__Scraped caption text data__:
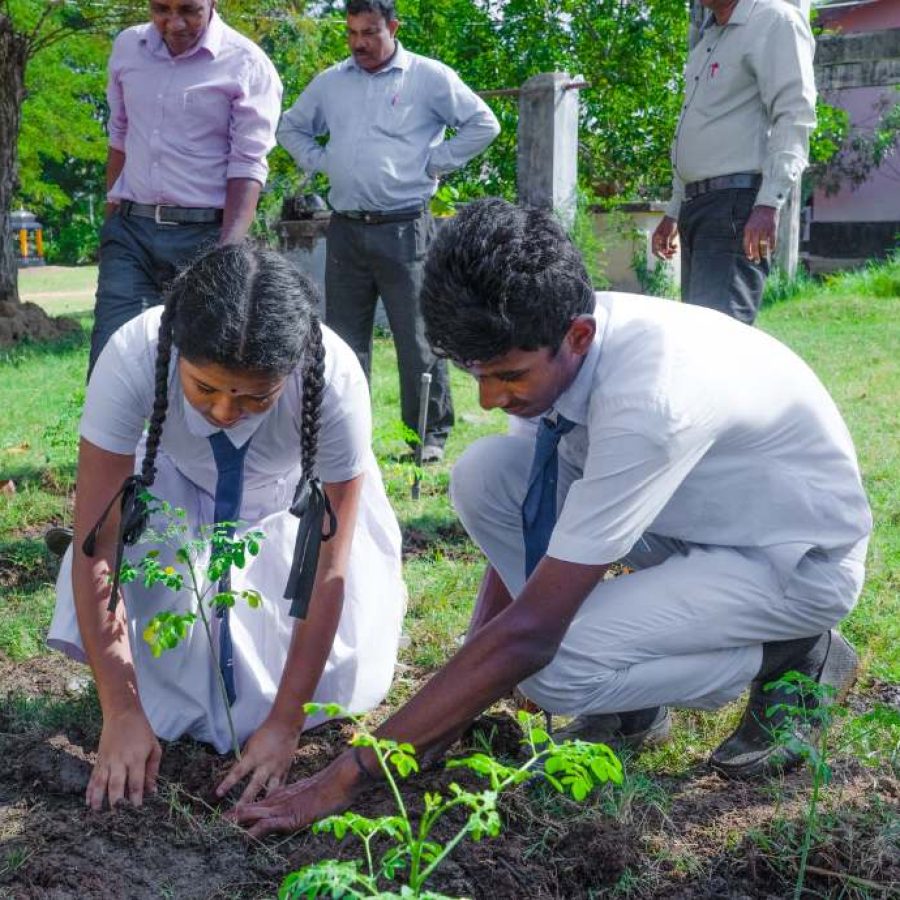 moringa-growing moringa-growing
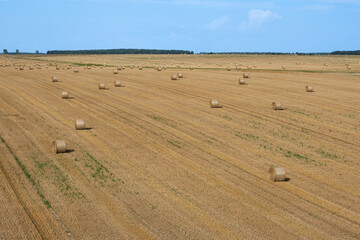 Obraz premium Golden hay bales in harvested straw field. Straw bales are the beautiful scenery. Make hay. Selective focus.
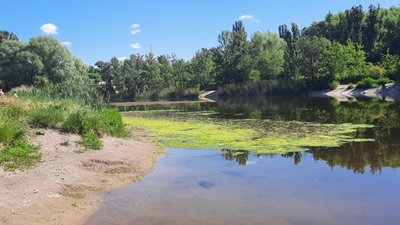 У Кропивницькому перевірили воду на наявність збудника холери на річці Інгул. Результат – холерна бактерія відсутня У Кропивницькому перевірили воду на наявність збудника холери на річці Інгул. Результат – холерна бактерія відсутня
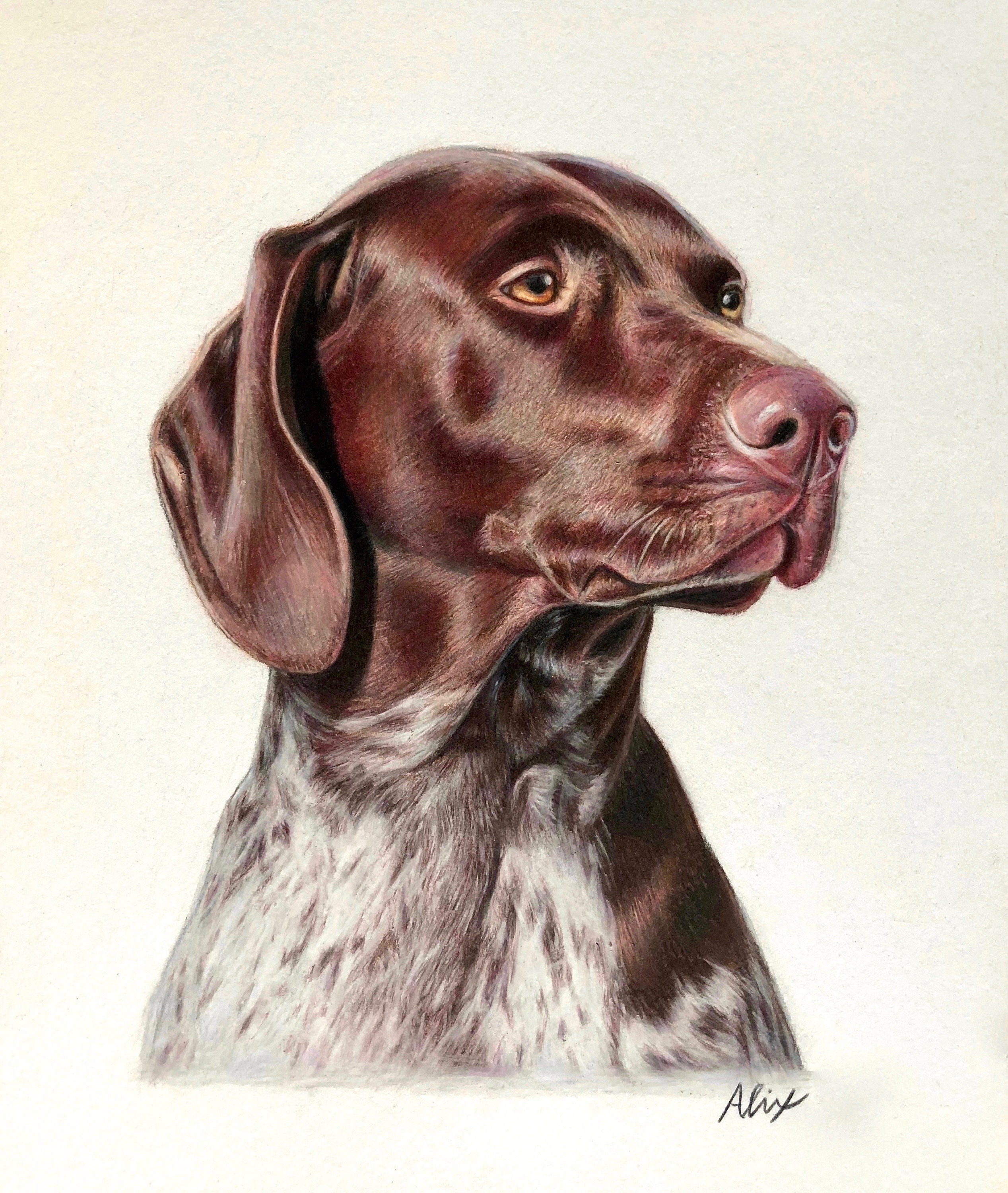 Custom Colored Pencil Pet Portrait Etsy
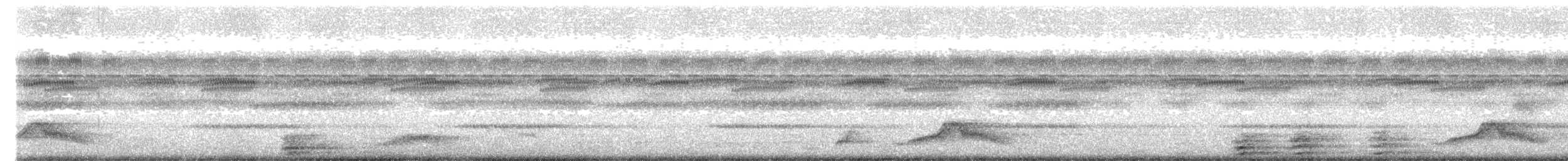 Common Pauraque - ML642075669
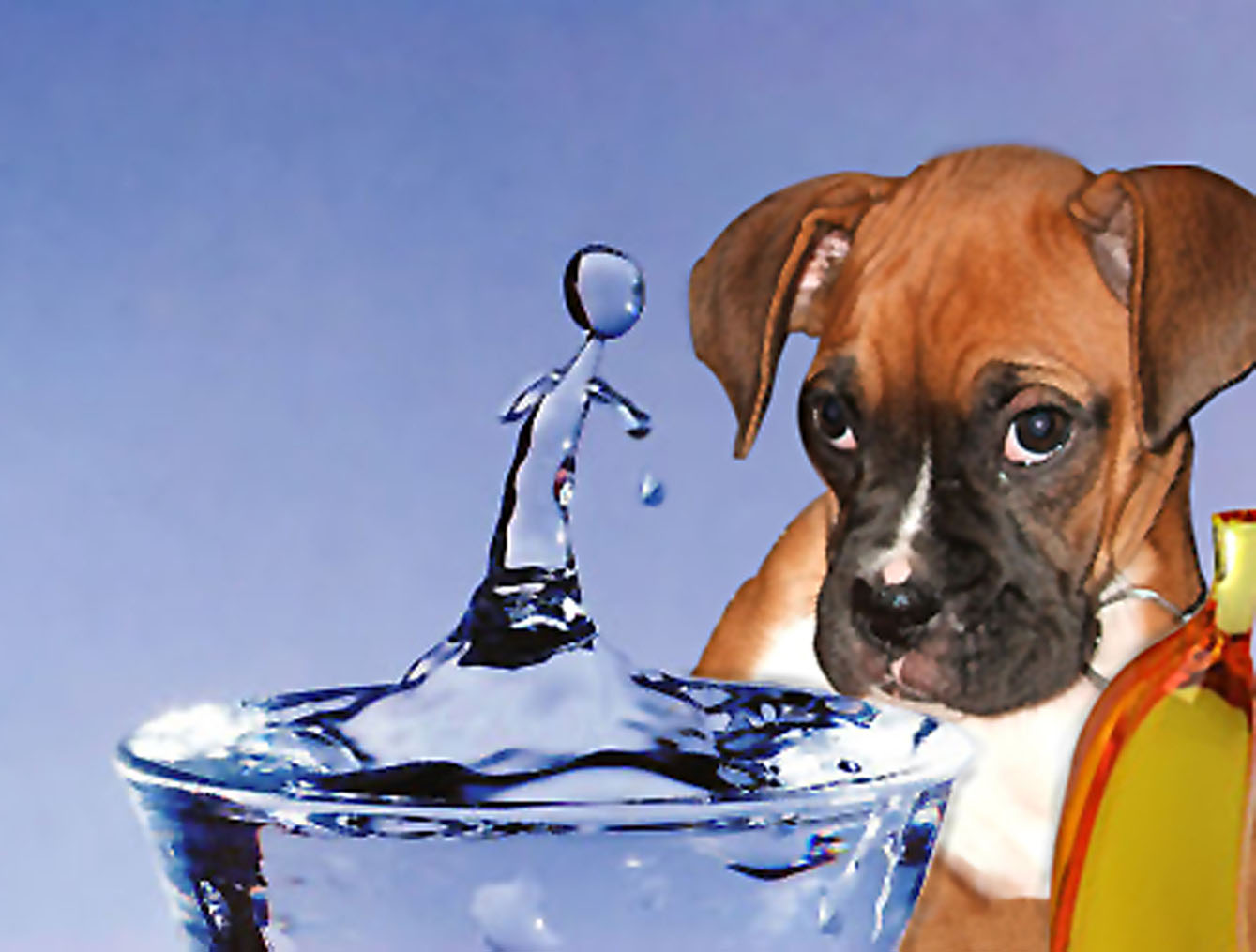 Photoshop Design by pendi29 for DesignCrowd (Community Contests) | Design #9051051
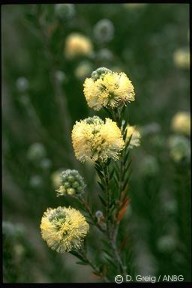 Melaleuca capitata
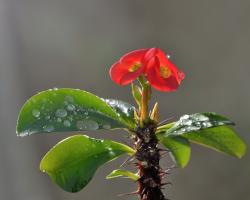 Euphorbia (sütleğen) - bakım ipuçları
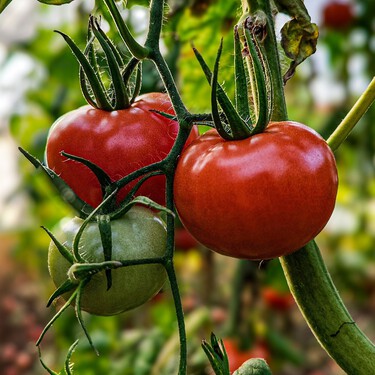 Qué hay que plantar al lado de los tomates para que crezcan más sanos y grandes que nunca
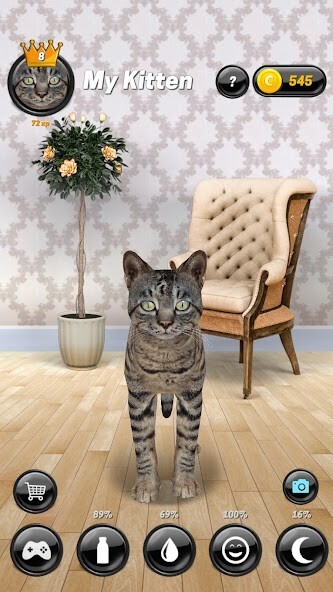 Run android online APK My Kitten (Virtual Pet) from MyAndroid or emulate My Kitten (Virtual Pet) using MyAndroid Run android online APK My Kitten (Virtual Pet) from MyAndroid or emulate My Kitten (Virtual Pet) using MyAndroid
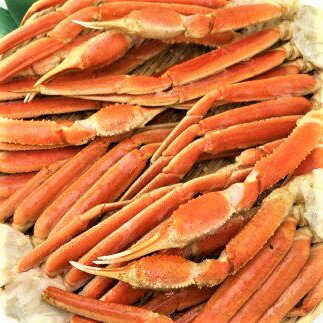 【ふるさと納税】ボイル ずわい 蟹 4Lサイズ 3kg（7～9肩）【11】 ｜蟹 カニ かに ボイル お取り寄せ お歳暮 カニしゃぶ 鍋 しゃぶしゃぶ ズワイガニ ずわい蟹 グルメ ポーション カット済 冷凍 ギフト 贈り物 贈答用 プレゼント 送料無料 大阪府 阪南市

__EXERCISE AIM__: Only one thing is required here: an exact copy of the lines from the one bearing "Photoshop Design by" through the final line above, both included, with pictures left out.

__SOLUTION__:
 Photoshop Design by pendi29 for DesignCrowd (Community Contests) | Design #9051051
 Melaleuca capitata
 Euphorbia (sütleğen) - bakım ipuçları
 Qué hay que plantar al lado de los tomates para que crezcan más sanos y grandes que nunca
 Run android online APK My Kitten (Virtual Pet) from MyAndroid or emulate My Kitten (Virtual Pet) using MyAndroid Run android online APK My Kitten (Virtual Pet) from MyAndroid or emulate My Kitten (Virtual Pet) using MyAndroid
 【ふるさと納税】ボイル ずわい 蟹 4Lサイズ 3kg（7～9肩）【11】 ｜蟹 カニ かに ボイル お取り寄せ お歳暮 カニしゃぶ 鍋 しゃぶしゃぶ ズワイガニ ずわい蟹 グルメ ポーション カット済 冷凍 ギフト 贈り物 贈答用 プレゼント 送料無料 大阪府 阪南市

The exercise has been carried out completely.